[BBLISA] Looking for disk destruction in metro Boston/Manchester NH area.

Brian O'Neill oneill at oinc.net
Thu Feb 7 16:42:40 EST 2013


On 2/7/2013 4:35 PM, John P. Rouillard wrote:
>
> In message <51140666.3050004 at oinc.net>,
> "Brian O'Neill" writes:
>> On 2/7/2013 2:04 PM, John P. Rouillard wrote:
>>> Our normal decomissioning (before releasing to employees or sending it
>>> out for recyling) is to run a single cycle dban with a zero pass for
>>> normal drives. For drives with sensitive (PII or contractually
>>> obligated data) we return the drives to the supplier or do a more
>>> extensive wipe of the data using multiple methods.
>>
>> Ironically I'm at a datacenter all day today, wiping systems.
>> Unfortunately DBAN failed to work on a number of systems (they all have
>> hardware RAID), so we're using live CDs and a perl script I whipped up
>> that writes pseudo-random data directly to the drives.
>
> We use 3ware, areca and LSI hardware raid.
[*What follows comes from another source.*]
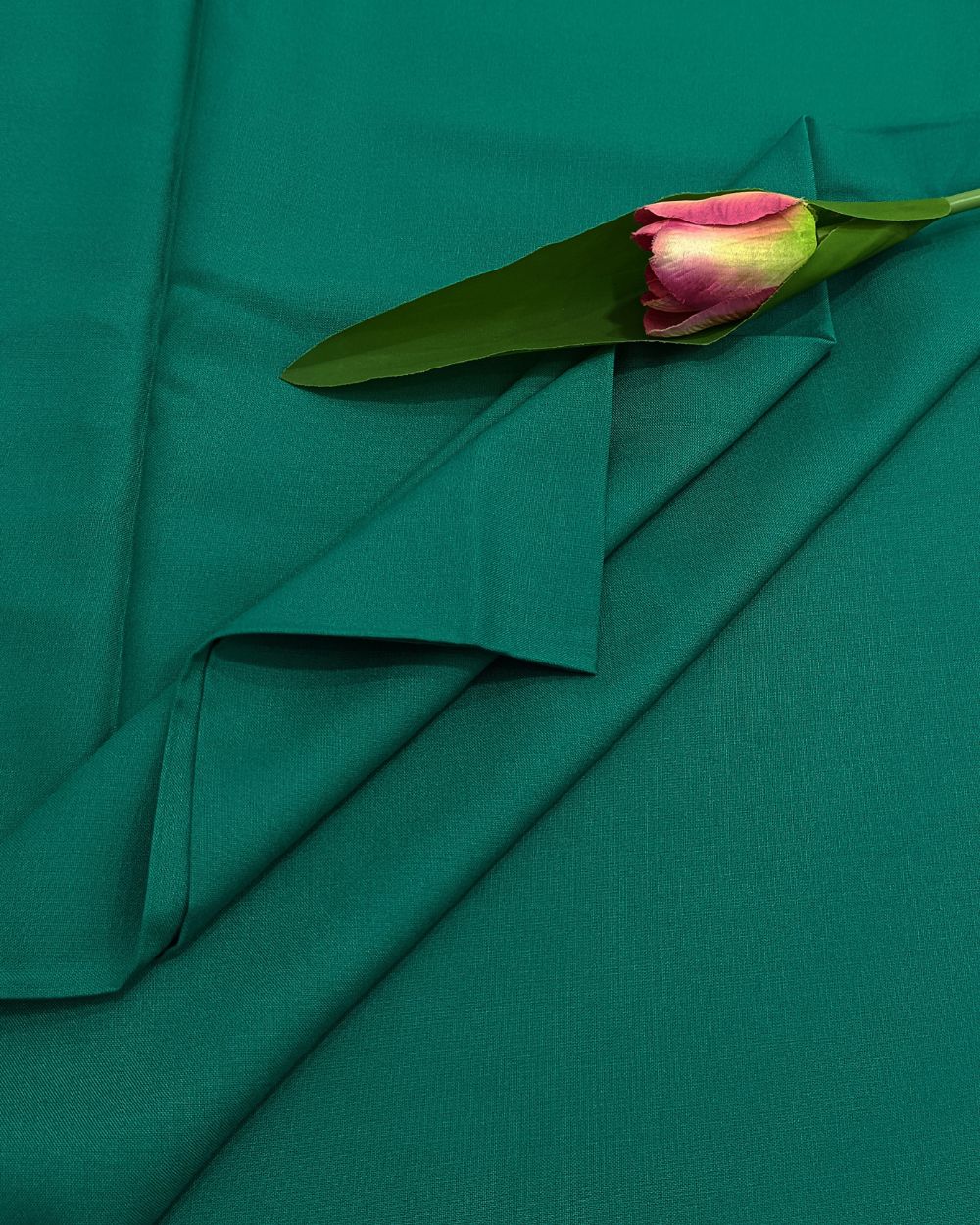 Plain Rayon-cotton Peacock Green Colour 44 Inches Width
The trick with those is to
> turn the disks into jbods. IIRC on 3ware, you destroy the raid, set
> the controler to export jbods and type J or j to turn your disks into
> jbod disks.  On LSI you do it by creating a raid 0 consisting of a
> single disk. Don't know how we do it on areca's.
>
> But once you have jbod'ed them you can see all the disks in the array
> and dban has worked fine. The nice part is that you get to wipe all of
> the disks in parallel which speeds up the wipe process. Also some raid
> controllers trim the disks to a size slightly smaller than the actual
> drive size (so you can mix and match drives with the same nominal size
> but slightly different real sizes). Some raids use that extra space
> for metadata. By jbodding you get to clean that off as well.

Yeah, we tried JBOD'ing the disks, and it didn't work for some reason. 
There are a variety of HP and Dell controllers. And we weren't terribly 
concerned with the reserved space, just the filesystem data.